Before the scan, there are no dietary restrictions and your child should take their regular medications. You will be asked to remove all metal from your child’s clothing and belongings — the magnetic field is always active inside the scanner room and can attract metal objects with significant force. The team will ask about any metal implants, prior surgeries, pacemakers, or cochlear implants, all of which must be reviewed before proceeding.

During the scan, a staff member will position your child on the table, place a specialized head coil to improve image quality, and stay in communication via intercom throughout. The scan proceeds through a series of sequences, each with its own sound pattern.

After the scan, no recovery time is needed unless sedation was used. Your child can eat, drink, and resume normal activities immediately. Results are typically interpreted by a neurologist within a few days to a week.

Metal and MRI safety

If your child has ever had surgery involving metal plates, screws, or clips, or uses a device such as a cochlear implant or pacemaker, tell the MRI team well in advance. Some implants are MRI-compatible and some are not. The MRI department will review the specifics before scheduling.

9.3 CT Scanning: A Quicker Look When It’s Needed

A CT (computed tomography) scan uses X-rays to produce rapid images of the brain. While it provides far less structural detail than MRI for epilepsy purposes, there are situations where it is the right tool: in an emergency when speed matters, when MRI is not possible due to a non-compatible implant, or when the clinical question is about acute bleeding or injury rather than subtle structural changes.

For most children with epilepsy, the evaluation and ongoing imaging will rely on MRI. An early CT scan does not replace the need for a high-quality epilepsy-protocol MRI.

9.4 Understanding Your Child’s Imaging Results

9.4.1 When the MRI is normal

A normal MRI does not mean there is no epilepsy, and it does not mean the seizures are not real. Between 20 and 30 percent of people with epilepsy have a completely normal MRI. The underlying cause may involve changes at a microscopic level or it may involve a genetic or metabolic mechanism that does not produce any visible structural change at all.

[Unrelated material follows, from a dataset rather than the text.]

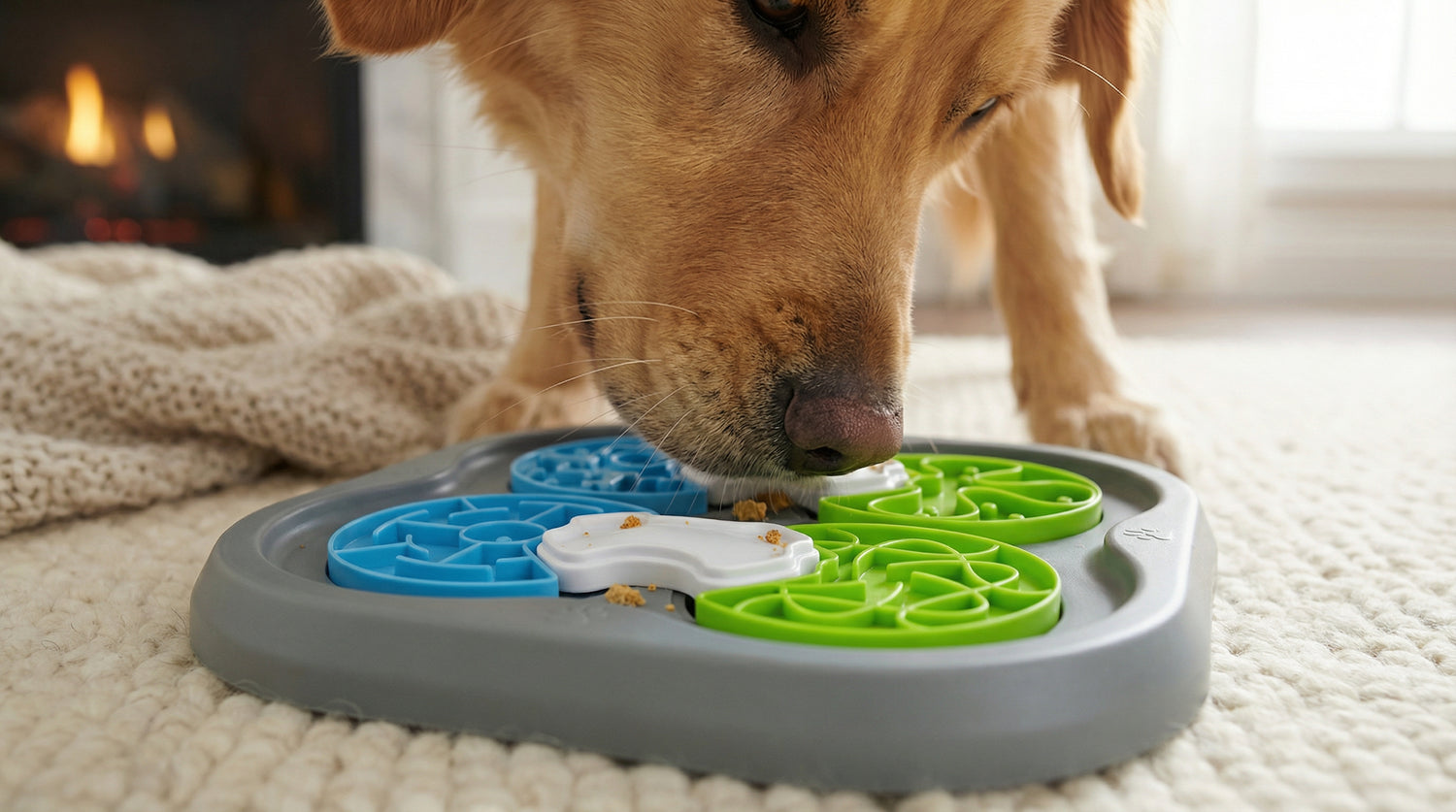 Pawise interactive dog puzzle toy for mental stimulation, problem-solving and treat-dispensing, safe and durable for indoor play

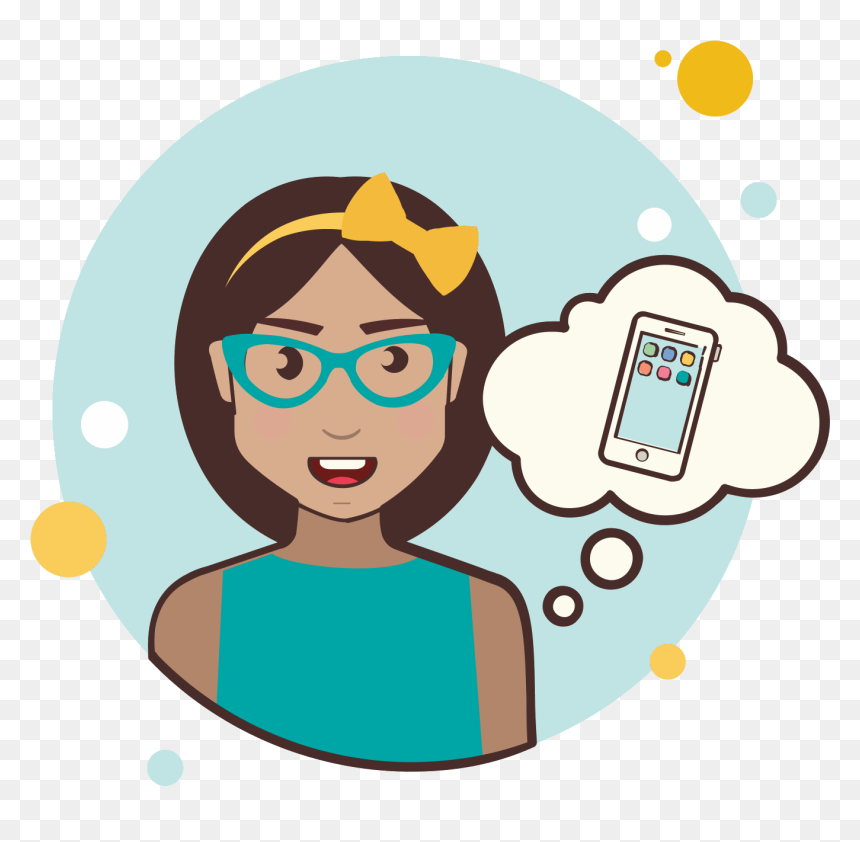 Girl With Smartphone Icon - People With Thermometer Cartoon, HD Png Download - smartphone icon png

When the MRI is normal, the diagnosis rests on the EEG findings, the seizure type, and the overall clinical picture. Medications work regardless of whether the MRI shows a cause, and a normal result does not change the general approach to treatment.

9.4.2 When something is found

A finding on MRI can mean very different things depending on the context. Some findings (e.g. hippocampal sclerosis in a child with temporal lobe epilepsy) point directly to the seizure source and may open the door to surgical evaluation. Others may be incidental: small cysts, minor vascular variants, or developmental changes that are entirely unrelated to the epilepsy and require no action.

Your neurologist will explain what any finding means for your child specifically. Not every abnormality seen on MRI is the cause of the seizures, and not every finding requires a change in treatment.

9.4.3 Imaging and surgery

For children whose seizures do not respond to medication, high-quality brain imaging becomes especially important. The goal of presurgical evaluation is to identify a clearly defined area of the brain responsible for the seizures that can be safely removed or disconnected. In addition to MRI, specialized tests such as PET, SPECT, fMRI, and MEG can each contribute different pieces of information. These are discussed in the chapter on Advanced Brain Imaging.